LlamaParse Provider
LlamaParse is Docsray's AI-powered document analysis provider, offering deep document understanding and comprehensive extraction capabilities.
Overview
LlamaParse leverages advanced language models to provide:
- AI-powered document analysis with deep understanding
- Entity extraction with high accuracy
- Custom analysis instructions for specific use cases
- Comprehensive caching for instant subsequent access
- Multi-format support beyond just PDF
Setup and Configuration
Getting an API Key
- Visit LlamaIndex Cloud
- Create an account or sign in
- Navigate to API Keys section
- Generate a new API key (starts with
llx-) - Copy your API key for configuration
Basic Configuration
# Set your API key using either method:
# Method 1: Docsray-specific (recommended)
export DOCSRAY_LLAMAPARSE_API_KEY="llx-your-key-here"
# Method 2: Standard LlamaParse env var (also supported)
export LLAMAPARSE_API_KEY="llx-your-key-here"
# Or add to your .env file (DOCSRAY_LLAMAPARSE_API_KEY takes precedence if both are set)

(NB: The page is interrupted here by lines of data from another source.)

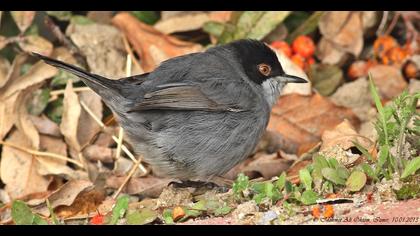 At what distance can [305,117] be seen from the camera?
22.0 ft

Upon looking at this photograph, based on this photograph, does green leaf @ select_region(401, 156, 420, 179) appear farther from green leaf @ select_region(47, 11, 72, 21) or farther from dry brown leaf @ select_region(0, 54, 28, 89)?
green leaf @ select_region(47, 11, 72, 21)

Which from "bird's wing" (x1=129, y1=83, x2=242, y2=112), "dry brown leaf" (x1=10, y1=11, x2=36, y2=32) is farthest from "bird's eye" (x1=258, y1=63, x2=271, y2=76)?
"dry brown leaf" (x1=10, y1=11, x2=36, y2=32)

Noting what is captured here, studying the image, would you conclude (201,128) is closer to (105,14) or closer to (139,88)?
(139,88)

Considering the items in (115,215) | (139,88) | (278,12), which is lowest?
(115,215)

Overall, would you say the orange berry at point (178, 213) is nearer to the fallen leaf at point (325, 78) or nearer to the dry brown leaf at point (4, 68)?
the dry brown leaf at point (4, 68)

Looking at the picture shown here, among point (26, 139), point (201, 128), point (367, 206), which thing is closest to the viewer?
point (367, 206)

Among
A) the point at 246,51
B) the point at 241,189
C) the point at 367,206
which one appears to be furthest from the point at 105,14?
the point at 367,206

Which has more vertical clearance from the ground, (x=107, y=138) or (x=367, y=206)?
(x=367, y=206)

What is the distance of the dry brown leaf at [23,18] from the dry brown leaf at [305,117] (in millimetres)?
2231

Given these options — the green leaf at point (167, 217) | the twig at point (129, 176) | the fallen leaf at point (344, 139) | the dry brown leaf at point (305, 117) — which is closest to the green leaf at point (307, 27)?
the dry brown leaf at point (305, 117)

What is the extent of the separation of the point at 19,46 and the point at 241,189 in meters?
3.23

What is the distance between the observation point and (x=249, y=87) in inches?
227

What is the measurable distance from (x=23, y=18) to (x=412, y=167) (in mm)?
3942

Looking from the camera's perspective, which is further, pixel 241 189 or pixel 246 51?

echo "DOCSRAY_LLAMAPARSE_API_KEY=llx-your-key-here" >> .env
# echo "LLAMAPARSE_API_KEY=llx-your-key-here" >> .env # Alternative
API Key Priority: If both
DOCSRAY_LLAMAPARSE_API_KEYandLLAMAPARSE_API_KEYare set,DOCSRAY_LLAMAPARSE_API_KEYtakes precedence. This allows compatibility with both Docsray-specific and standard LlamaParse configurations.
Advanced Configuration
# Processing Mode
LLAMAPARSE_MODE=fast # Options: fast, accurate, premium
# Timeouts and Limits
LLAMAPARSE_MAX_TIMEOUT=120 # Max processing time in seconds
LLAMAPARSE_CHECK_INTERVAL=1 # Status check interval
# Language and Instructions
LLAMAPARSE_LANGUAGE=auto # Document language (auto-detect)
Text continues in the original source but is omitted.